Australia's waste increased at more than double the rate of economic production over an 18 year period.
According to data released by the Australian Bureau of Statistics(ABS) the amount of combined industrial and household waste increased by 163 per cent between 1996 and 2014 while gross value added to economic production only rose by 73 per cent.
"We compare the growth of the economy with some of the environmental pressures ... to try and draw a story of how interrelated the economy and the environment are," ABS Environmental Statistic Section Assistant Director Peter Comisari told AAP.
The report also put a price tag on everything that could theoretically be sold from Australia's environment including resources like iron ore, land, timber and fish.

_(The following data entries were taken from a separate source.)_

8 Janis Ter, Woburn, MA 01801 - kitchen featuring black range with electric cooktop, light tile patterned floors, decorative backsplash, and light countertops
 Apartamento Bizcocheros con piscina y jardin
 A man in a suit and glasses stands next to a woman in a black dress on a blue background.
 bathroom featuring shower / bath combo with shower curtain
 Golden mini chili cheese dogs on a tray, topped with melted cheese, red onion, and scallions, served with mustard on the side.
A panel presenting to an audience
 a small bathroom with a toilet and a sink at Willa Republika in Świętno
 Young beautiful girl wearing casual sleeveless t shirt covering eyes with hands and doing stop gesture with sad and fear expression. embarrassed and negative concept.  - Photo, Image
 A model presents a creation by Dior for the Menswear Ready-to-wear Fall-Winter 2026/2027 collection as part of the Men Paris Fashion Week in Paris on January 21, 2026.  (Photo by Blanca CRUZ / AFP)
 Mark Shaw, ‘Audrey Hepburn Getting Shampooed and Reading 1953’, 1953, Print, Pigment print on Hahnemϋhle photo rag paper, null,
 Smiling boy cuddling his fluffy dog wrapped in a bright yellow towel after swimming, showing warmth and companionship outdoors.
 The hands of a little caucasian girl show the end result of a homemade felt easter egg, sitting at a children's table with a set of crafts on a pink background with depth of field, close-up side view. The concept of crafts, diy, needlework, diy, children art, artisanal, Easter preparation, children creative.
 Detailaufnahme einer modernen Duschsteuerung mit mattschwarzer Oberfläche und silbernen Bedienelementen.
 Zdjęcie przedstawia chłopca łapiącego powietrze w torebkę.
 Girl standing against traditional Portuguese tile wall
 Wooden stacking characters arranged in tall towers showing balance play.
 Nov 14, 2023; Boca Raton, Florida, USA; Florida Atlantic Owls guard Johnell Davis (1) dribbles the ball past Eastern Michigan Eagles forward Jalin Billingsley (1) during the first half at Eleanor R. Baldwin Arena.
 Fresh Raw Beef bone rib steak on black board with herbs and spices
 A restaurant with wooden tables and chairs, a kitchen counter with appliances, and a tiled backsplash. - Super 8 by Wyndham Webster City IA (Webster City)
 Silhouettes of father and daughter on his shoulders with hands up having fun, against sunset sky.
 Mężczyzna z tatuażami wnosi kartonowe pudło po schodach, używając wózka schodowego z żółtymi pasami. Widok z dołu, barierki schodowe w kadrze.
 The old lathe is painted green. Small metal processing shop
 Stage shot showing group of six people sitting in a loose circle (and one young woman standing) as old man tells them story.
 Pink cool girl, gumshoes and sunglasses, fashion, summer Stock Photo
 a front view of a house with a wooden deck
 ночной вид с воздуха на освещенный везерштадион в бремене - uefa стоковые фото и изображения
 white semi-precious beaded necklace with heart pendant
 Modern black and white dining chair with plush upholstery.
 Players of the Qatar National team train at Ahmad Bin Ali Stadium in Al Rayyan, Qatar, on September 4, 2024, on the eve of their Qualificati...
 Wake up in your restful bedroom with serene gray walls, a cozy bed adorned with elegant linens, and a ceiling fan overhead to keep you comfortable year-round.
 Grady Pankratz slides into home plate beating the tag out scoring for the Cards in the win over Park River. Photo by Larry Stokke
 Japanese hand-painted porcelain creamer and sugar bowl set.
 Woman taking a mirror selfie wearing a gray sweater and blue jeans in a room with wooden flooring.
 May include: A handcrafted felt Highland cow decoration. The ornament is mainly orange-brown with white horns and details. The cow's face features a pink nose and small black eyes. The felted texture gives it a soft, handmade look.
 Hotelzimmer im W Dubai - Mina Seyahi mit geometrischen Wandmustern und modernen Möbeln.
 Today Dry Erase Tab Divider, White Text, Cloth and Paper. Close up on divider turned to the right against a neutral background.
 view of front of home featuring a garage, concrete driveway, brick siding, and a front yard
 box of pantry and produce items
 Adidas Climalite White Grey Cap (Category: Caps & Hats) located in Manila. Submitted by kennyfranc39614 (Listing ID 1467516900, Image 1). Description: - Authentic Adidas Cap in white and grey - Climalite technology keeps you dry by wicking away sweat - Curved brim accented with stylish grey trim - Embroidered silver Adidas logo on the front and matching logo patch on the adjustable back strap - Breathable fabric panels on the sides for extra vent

It evaluated Australia's value at $5.8 trillion in June 2015, almost double its value nine years earlier.
The rise in value could mainly be attributed to property price rises and increasing demand for mineral resources, Mr Comisari said.
Ecosystems, such as the Great Barrier Reef, have not been included in the overall value.
"That's currently in the too hard basket ... at this stage there are no national statistical agencies that have numbers on that," Mr Comisari said.
In 2015 81 per cent of Australia's natural value was held in land, accounting for more than $4 trillion of the $5.8 trillion total.
Mineral and energy resources made up most of the remaining natural value.